COALESCE() - Does it calculate every value or does it stop when it gets a not NULL

  • title says it all really.

    I have a Coalesce() statement that has three fairly complex queries in it's array. One of these is extremely resource hungry and takes some 3 seconds per result, but it should not be required that often. The script seems to be taking an age. I am wondering, does the COALESCE() function evaluate each element in sequence and only move on to the next one if the previous one was NULL, or is each element being run each time and then the results coalesced?

    If it is the latter, what is the best way to re-write the script.

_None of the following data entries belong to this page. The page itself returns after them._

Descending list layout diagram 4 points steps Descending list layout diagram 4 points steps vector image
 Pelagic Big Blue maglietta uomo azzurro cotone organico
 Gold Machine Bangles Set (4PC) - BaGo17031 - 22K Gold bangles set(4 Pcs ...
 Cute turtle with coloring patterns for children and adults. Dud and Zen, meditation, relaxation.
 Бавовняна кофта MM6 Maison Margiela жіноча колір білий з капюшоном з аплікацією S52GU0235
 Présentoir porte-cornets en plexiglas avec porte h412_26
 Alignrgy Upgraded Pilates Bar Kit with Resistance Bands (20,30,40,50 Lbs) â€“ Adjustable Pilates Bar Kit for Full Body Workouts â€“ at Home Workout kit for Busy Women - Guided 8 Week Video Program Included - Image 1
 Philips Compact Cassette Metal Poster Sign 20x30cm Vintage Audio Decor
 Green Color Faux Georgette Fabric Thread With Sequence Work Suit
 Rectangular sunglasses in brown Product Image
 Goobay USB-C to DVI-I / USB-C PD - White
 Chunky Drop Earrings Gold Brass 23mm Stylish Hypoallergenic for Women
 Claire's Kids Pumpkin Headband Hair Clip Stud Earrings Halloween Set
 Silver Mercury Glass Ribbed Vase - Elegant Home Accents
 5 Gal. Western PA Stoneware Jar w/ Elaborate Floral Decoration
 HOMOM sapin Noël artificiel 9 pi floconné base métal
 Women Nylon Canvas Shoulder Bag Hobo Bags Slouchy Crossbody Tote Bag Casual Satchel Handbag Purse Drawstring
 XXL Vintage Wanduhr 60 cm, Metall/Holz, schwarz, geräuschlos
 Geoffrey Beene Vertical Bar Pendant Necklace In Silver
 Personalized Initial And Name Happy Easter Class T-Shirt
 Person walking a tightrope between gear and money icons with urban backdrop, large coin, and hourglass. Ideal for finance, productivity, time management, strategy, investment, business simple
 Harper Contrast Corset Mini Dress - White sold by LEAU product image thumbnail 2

I don't like running through the dataset multiple times but will do so if it is more efficient.

  • As it's required only for a small proportion of results, you could try a UNION

    select coalesce(a,b)

    from ...

    where coalesce(a,b) is not null

    union

    select [complex expression]

    from ...

    where coalesce(a,b) is null

    The absence of evidence is not evidence of absence
    - Martin Rees
    The absence of consumable DDL, sample data and desired results is, however, evidence of the absence of my response
    - Phil Parkin

  • Thanks Phil,

    I'n not sure that construct will work for me as the Coalesce() is to determine a value to be updated.

    Using the Union syntax is still running down the dataset twice...

  • Try removing your third really complex piece and see if the performance improves greatly. If so, then you may need to rewrite your query. If not, then that is not the problem, and you will probably have to rewrite. 😛 It is really about figuring out where your bottleneck is.

    _______________________________________________________________

    Need help? Help us help you.

    Read the article at http://www.sqlservercentral.com/articles/Best+Practices/61537/ for best practices on asking questions.

    Need to split a string? Try Jeff Modens splitter http://www.sqlservercentral.com/articles/Tally+Table/72993/.

    Cross Tabs and Pivots, Part 1 – Converting Rows to Columns - http://www.sqlservercentral.com/articles/T-SQL/63681/
    Cross Tabs and Pivots, Part 2 - Dynamic Cross Tabs - http://www.sqlservercentral.com/articles/Crosstab/65048/
    Understanding and Using APPLY (Part 1) - http://www.sqlservercentral.com/articles/APPLY/69953/
    Understanding and Using APPLY (Part 2) - http://www.sqlservercentral.com/articles/APPLY/69954/

  • Taking out all the left joins and replacing with joins solves the speed, but at the risk of losing records, But I think it is acceptable losses. If the users put the right data in in the first place, then all checks would work on the first rule......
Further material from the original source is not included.